Dim Çayı: Özellikle yaz aylarında Alanya'ya gelipte kavurucu şehir sıcağından kaçıp dim çayında buz gibi suyun içinde balık yemek bambaşka bir keyif. Alanya ilçesi sınırlarında yer alan, merkezden 6 kilometre uzaklıktaki çay.
  Toroslardan doğan çay yaklaşık 60 kilometrelik bir seyir izler. Bu seyrin son kısımlarına doğru Alanya ilçesinin turizminin hizmetine başlar. Yaz kış soğuk olan suyu özellikle yazın Akdeniz'in bunaltıcı sıcağından kaçmak isteyenler için ideal bir mekân teşkil eder. Paralel giden yola açılan pek çok lokanta ve çay bahçesi vardır. Ana yola yaklaşık 7-8 kilometre uzaklıktaki regülatörden sonra da bu lokantalar devam eder. Buradaki lokantaların ve piknik alanlarının bir bakıma ortak özelliği çay içine atılmış masalardır. Ancak mevcut baraj inşaatı nedeni ile çayın turistik amaçlı kullanımı gün be gün azalmaktadır. Çayın daha üst kısımları ise Rafting amaçlı kullanılmaktadır.D.S.İ tarafından çay üzerine sulama, içme suyu ve enerji amaçlı baraj inşa edilmiştir.

Sapadere Kanyonu:



Sapadere kanyonu, Alanya'nın, Sapadere köyünde yer alan Karstik oluşumlu kanyondur. Köyede adını veren Sapadere'nin oluşturduğu kanyonun uzunluğu 360 m, yüksekliği 400 m'dir. Kanyonun oluşumunda Kireçtaşı bloklarının kimyasal ayrışması etkilidir.Sapaderenin kanyondan çıktığı noktada, kanyonun tabanı çoşkun akan dere tarafından kapatılmıştır. İç kısımlara geçmek için yan duvarlara demir çubuklarla doğaya uyumlu 350 m uzunluğunda tahta köprü inşa edilmiştir. Altta akan suyun üzerinden geçtikten sonra kanyonun sonunda Şelale yer alır.Şelalenin döküldüğü yerde suları oldukca soğuk olan dev kazanı (doğal havuz) oluşmuştur.Yaz mevsiminde bu doğal havuzun soğuk sularında yüzülmektedir.

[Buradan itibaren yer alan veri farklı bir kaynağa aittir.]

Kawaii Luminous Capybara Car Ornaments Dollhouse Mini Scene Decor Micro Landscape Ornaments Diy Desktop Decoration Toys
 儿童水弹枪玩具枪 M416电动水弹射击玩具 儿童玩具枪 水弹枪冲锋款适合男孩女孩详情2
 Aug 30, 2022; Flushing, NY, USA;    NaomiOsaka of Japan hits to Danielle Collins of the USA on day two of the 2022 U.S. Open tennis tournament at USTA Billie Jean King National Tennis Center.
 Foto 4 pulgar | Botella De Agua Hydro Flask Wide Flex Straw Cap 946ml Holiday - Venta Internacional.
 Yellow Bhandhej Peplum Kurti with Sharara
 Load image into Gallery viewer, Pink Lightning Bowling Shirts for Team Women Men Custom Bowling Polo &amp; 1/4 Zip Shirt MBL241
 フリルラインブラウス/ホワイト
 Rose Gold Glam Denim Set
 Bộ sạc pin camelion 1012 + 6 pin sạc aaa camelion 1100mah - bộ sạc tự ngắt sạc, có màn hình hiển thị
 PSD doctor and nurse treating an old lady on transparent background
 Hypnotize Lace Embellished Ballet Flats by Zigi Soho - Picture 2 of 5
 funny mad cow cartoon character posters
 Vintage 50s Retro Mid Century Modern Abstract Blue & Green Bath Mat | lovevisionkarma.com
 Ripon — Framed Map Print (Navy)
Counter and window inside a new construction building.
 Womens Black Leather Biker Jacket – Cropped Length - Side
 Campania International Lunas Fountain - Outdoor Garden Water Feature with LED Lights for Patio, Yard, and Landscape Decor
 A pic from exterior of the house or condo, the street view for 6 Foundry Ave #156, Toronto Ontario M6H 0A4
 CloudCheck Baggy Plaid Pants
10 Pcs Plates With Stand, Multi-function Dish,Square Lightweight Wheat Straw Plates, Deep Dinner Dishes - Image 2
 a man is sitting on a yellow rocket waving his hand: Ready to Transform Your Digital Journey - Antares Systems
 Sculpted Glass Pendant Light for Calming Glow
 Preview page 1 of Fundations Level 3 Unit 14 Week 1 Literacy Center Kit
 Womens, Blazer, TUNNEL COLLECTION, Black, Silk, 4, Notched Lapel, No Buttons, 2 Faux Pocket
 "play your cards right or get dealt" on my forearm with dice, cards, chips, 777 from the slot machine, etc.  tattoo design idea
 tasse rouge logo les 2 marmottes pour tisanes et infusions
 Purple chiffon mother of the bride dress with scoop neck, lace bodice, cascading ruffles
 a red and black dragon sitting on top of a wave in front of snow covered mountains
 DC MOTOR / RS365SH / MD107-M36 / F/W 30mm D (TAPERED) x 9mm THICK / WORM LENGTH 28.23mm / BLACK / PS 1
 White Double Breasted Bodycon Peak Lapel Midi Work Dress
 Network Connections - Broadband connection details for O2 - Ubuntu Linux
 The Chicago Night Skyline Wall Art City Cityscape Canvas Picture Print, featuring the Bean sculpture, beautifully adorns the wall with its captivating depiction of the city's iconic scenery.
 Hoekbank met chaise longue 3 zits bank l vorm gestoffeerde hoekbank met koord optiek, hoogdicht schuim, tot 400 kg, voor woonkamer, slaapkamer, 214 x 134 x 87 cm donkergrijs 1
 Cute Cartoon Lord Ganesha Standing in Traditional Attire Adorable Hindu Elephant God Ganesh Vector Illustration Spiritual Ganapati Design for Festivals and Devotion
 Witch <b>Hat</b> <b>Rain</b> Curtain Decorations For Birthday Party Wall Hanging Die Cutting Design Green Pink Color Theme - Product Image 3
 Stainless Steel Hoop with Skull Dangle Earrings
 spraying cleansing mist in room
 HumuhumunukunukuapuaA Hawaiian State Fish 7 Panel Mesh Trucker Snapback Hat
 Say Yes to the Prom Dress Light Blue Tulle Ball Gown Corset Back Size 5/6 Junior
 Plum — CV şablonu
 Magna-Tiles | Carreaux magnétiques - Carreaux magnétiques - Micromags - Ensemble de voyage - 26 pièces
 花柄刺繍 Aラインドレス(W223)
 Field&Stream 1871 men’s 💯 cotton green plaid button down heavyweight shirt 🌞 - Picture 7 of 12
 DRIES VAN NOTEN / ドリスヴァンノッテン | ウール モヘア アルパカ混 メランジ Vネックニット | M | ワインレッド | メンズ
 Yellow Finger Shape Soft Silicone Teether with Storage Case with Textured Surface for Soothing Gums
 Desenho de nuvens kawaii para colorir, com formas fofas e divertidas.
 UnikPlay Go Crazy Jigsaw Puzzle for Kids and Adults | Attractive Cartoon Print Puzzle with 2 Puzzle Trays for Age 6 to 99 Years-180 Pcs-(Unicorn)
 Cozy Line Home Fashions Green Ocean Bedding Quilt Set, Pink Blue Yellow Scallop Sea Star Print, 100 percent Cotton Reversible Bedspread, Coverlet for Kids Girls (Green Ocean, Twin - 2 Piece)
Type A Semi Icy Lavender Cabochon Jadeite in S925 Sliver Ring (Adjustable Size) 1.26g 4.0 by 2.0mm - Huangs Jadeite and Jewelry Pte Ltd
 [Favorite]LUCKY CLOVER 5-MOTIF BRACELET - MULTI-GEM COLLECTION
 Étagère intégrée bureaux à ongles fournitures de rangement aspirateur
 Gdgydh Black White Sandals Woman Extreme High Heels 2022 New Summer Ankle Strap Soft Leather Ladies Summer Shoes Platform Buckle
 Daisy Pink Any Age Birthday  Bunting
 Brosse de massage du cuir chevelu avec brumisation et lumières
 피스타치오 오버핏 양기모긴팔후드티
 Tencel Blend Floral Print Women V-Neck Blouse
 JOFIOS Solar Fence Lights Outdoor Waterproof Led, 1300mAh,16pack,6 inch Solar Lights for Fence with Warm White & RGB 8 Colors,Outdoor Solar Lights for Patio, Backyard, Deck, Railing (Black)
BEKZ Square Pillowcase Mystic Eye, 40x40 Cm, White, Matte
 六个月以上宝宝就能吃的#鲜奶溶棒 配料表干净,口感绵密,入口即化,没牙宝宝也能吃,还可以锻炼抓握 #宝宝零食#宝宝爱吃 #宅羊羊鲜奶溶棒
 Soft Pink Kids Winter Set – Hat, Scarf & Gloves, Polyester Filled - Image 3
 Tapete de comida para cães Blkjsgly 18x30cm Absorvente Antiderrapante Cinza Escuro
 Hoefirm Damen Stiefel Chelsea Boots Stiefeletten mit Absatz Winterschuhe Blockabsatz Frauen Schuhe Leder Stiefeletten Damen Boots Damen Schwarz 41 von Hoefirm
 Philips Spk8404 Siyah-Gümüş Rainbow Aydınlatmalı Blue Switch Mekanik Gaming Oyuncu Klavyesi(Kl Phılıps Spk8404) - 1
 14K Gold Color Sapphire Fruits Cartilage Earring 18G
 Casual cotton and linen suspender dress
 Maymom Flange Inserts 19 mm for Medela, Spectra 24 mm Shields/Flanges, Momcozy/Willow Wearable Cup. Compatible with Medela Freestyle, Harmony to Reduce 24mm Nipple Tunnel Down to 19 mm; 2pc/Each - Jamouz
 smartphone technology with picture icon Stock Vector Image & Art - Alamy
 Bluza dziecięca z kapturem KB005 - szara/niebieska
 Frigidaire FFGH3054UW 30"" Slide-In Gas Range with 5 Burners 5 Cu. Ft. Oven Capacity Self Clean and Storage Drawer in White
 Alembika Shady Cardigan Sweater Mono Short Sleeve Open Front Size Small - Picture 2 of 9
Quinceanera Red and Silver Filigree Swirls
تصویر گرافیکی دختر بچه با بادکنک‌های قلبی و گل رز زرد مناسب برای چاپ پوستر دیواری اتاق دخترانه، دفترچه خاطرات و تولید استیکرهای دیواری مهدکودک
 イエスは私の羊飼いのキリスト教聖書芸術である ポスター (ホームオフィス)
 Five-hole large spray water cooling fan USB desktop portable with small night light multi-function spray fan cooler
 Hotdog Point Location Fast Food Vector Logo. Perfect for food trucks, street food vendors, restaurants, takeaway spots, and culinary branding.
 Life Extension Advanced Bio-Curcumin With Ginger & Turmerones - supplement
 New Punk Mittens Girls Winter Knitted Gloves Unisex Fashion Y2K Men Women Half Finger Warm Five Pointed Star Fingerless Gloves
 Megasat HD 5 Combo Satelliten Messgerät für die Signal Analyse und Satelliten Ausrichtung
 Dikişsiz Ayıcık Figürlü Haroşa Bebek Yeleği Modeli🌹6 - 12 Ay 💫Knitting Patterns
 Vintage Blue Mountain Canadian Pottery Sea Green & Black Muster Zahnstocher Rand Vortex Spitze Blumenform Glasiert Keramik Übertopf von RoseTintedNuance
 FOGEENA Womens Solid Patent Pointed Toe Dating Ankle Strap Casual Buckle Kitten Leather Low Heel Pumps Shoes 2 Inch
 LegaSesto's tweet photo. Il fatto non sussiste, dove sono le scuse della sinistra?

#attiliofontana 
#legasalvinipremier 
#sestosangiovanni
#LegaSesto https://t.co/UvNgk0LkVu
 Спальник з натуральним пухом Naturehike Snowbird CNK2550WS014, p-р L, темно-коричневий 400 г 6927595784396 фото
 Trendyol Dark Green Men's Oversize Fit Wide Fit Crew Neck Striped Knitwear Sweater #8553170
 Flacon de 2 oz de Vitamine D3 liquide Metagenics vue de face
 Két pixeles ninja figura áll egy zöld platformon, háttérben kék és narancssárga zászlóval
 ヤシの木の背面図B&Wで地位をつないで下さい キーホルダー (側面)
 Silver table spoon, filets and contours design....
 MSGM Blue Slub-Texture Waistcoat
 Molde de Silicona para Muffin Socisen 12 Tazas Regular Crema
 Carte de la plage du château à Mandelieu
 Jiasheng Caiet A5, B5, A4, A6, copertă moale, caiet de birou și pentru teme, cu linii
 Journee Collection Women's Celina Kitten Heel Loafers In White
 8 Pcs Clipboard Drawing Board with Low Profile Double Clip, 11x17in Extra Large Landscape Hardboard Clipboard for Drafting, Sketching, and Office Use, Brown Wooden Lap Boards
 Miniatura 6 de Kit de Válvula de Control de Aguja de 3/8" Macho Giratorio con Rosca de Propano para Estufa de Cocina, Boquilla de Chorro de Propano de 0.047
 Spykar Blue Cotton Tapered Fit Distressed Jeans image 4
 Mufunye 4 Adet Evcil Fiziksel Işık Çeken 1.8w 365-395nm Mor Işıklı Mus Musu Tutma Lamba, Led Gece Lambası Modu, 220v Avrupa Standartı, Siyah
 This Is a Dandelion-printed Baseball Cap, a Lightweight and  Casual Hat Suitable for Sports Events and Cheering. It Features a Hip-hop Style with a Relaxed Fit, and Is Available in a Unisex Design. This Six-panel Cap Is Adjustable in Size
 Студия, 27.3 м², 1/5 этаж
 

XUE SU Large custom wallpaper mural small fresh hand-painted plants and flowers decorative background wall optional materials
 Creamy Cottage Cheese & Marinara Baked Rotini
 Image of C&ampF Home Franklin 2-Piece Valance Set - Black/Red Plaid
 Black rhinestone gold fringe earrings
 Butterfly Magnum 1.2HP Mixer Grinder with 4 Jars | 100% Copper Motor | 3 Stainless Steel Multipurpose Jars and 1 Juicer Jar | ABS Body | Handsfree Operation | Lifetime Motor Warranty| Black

Yakın zamana kadar sadece çevre halkın bildiği kanyon, yerel yönetimlerin yaptığı tanıtım çalışmalarıyla turist çekmeye başlamıştır. Kanyon girişinde gelen misafirlerin temel ihtiyaçlarının karşılanabileceği yeme-içme mekanları vardır. Kanyonun uzaklığı Alanya'ya 44 km, Antalya'ya 179 km'dir.Antalya-Mersin yolu üzerinde Alanya'yı 24 km geçtikten sonra Demirtaş beldesine gelinir.Demirtaş beldesinden asfalt yol ile Sapadere köyüne gidilebilir.